Freedom Debt Relief stands as the largest debt settlement operation in the United States by sheer dollar volume — exceeding $20 billion resolved since its founding in San Mateo, California back in 2002. The company has enrolled more then one million clients across the country, a throughput figure that dwarfs every other firm in this analysis. Freedom maintains an A+ Better Business Bureau rating and carries tens of thousands of verified Trustpilot reviews from satisfied customers nationwide.

Freedom’s signature differentiator is its cost guarantee: if the total cost of settlement (including all fees) exceeds the original balance at enrollment, Freedom refunds every dollar of its fees. No other major settlement firm offers that kind of protection. The company also provides acceleration loans that allow clients to fund individual settlements faster rather then waiting months to build escrow balances — a feature that can meaningfully compress the standard 24-to-48-month program duration and get Vermont families and business owners back on solid footing sooner.

For Vermont’s seasonal workforce — ski instructors, foliage tour guides, summer camp operators, and farm stand employees — Freedom’s flexible payment scheduling can accommodate the income fluctuations that define life in the Green Mountain State.
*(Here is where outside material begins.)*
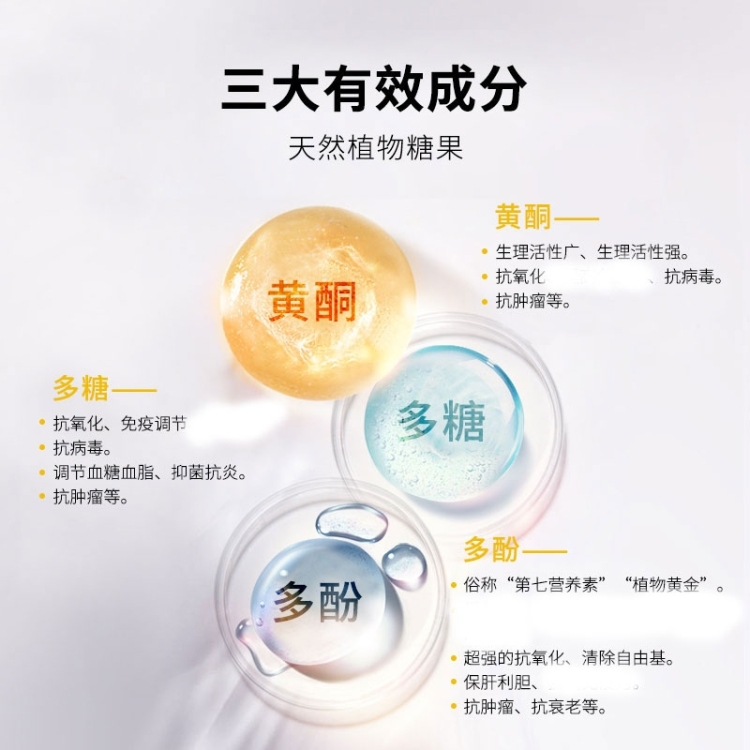 圆圆-四川省·成都市·成华区--我家非常小心肝解酒糖，是川大华西教授团队和川大华西教授团队联合研发，采用温和的中成药配方，求各位主播达人帮我直播带货，产品质量可靠，佣金丰厚，欢迎合作洽谈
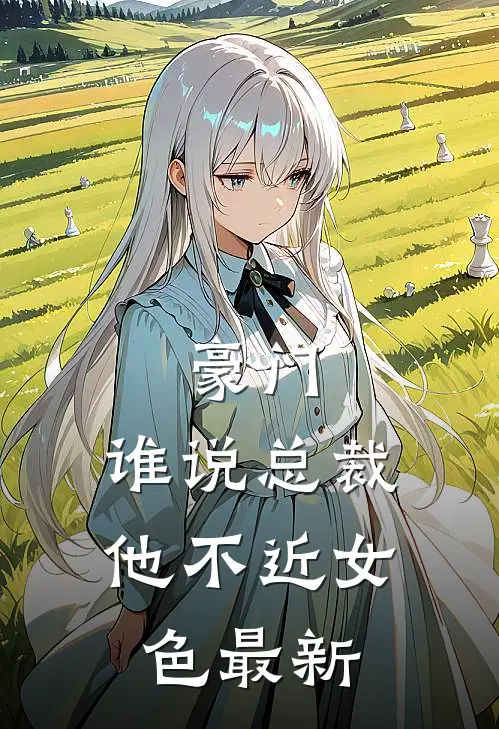 豪门：谁说总裁他不近女色最新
The firm allows clients to adjust monthly escrow contributions during lean months, which prevents the program from becoming an additional source of financial stress during the periods when cash flow is tightest. Freedom’s client services team operates seven days a week, and its digital dashboard provides real-time visibility into account balances, pending negotiations, and completed settlements.

The trade-off for Green Mountain State business owners is specialization. Freedom’s infrastructure was engineered for consumer unsecured debt — credit cards, personal loans, medical bills — and while the firm may occasionally accept business accounts, it does not perform MCA contract analysis, cannot raise arguments under the Vermont Consumer Protection Act, does not challenge UCC-1 filings or navigate the state’s debt adjusting regulations under 8 V.S.A. § 4851, and has no mechanism to argue that an MCA contract is actually a loan under Vermont law. For Vermont business owners whose primary exposure is MCA debt — whether from a Montpelier consulting firm or a Brattleboro craft brewery — Delancey Street will deliver substantially deeper reductions. For those carrying a mix of personal and commercial unsecured obligations above $7,500, Freedom’s scale and guarantee remain formidable options.

Best For

Vermont residents with $7,500+ in mixed personal and commercial unsecured debt who want the nation’s largest, most established settlement operation with a unique cost guarantee — ideal for remote workers in the Mad River Valley or retirees in Woodstock managing accumulated credit card balances.

#3 — Best Value

Pacific Debt Relief
Fees on settled amount, not enrolled. $500M+ resolved. Zero CFPB complaints in 2024.

Learn More →

Attorney-Led
5.5
MCA Focus
3.5
Volume
7.5
Fee Clarity
9.5
Speed
5.0

Pacific Debt Relief occupies a distinctive position in the settlement industry thanks to its fee structure: the company charges 15–25% of the settled amount rather than the enrolled amount. That structural difference can save clients thousands of dollars, particularly on large balances where the gap between what was owed and what was ultimately paid to creditors is substantial. For a Vermont bed-and-breakfast owner carrying $80,000 in mixed debt, the savings from Pacific’s model versus a competitor charging on the full enrolled balance can easily exceed $4,000 to $6,000 over the life of the program.

Founded in 2002 and headquartered in San Diego, Pacific has resolved over $500 million in consumer debt. The firm carries the highest satisfaction scores in this ranking — a 4.8 Trustpilot rating across 2,200+ reviews and a 4.92 BBB rating from 1,700+ reviews. Notably, Pacific recorded zero CFPB complaints throughout all of 2024, a remarkable achievement for any firm in this industry. Client-facing representatives are frequently praised by name in reviews, which reflects the kind of personalized service that resonates deeply with Vermont’s community-oriented business culture.

Pacific’s onboarding process is notably low-pressure, which appeals to Vermonters who tend to be skeptical of hard-sell tactics. The firm provides a free consultation that typically lasts 30 to 45 minutes, during which a representative reviews the prospective client’s full debt picture without requiring an immediate commitment. Multiple reviewers describe being given weeks to think over the decision, a pace that aligns with Vermont’s deliberate, community-oriented approach to business relationships. The company’s online portal allows enrolled clients to track settlement progress, view escrow balances, and communicate with their dedicated representative — a convenience for Vermont residents in rural areas where an in-person meeting with a financial advisor might require a 90-minute drive over mountain roads.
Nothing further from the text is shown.